To build a lead scoring model to increase close rates you should include variables of four main categories:
1. Company (firmographics)
In a B2B context, the most important thing to know is what company the lead is associated with. Is the industry or location correct for your buyer persona? Is your product an appropriate solution for their business needs? How big is the business and how significant will the payout be if a deal is closed?
Knowing as much as you can about the company whose representative you’re engaging is key to prioritizing and merging leads. This makes sure you don’t miss Google as a client while pursuing a lead from a dog-walking business, for example.
The average B2B purchasing decision involves more than five people.
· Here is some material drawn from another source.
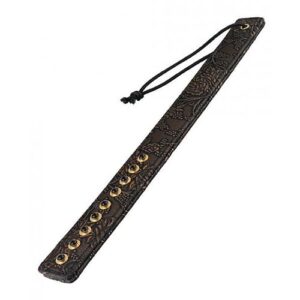 Spartacus Paddle with Gems Brown Floral Print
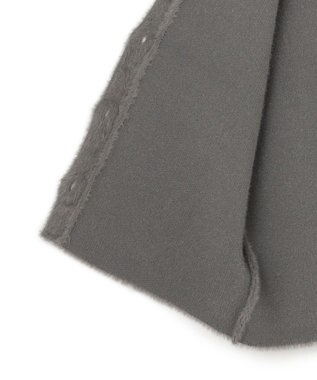 UNFILO L ナイロンシャギー カーディガン ベスト チャコール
This means that your buyer personas must consider the key stakeholders within the organizations you sell to. This includes the executives, the advisers, the users, and anyone else your salespeople are likely to communicate with. Implicit, explicit, and social demographic data can help you identify whether the lead is a decision-maker (or influencer), and score them accordingly.
You can learn a lot about a lead from their engagement with your content on your website and on social media. Someone who only ever reads your blog posts might just be a fan of your content, whereas somebody who volunteers their contact information to download a whitepaper will receive a higher score.
Prior sales data can help you assign values here. For instance, if you know that leads who sign up for a particular webinar on your site have a high tendency to convert? You can assign a higher point value to that interaction.
Engagement can be misleading. Plenty of people will poke around product and pricing pages because they’re doing research with no intent to buy. The true signs of intent to purchase should carry the highest point values. But how can you tell what they are?
You can survey sales staff and customers to get a better idea of what indicators of intent to look for. That’s not very accurate or scalable. The best approach is to apply a co-dynamic lead scoring model. One that considers brand sentiment and engagement alongside other variables (like firmographics). This can be tricky to do manually, but marketing automation solutions often feature AI-based lead scoring systems that can do this for you.
Leads make sales, and lead scoring simply makes your sales teams work on the leads most likely to bring the most value. So it’s no wonder that more and more businesses are implementing lead scoring in their lead qualification processes.
To take the next step, implement lead scoring automation to save on labor and resources by leaving the math to computers. Machine learning technologies can refine and improve lead scoring models over time, taking the guesswork out of divining your leads’ intentions.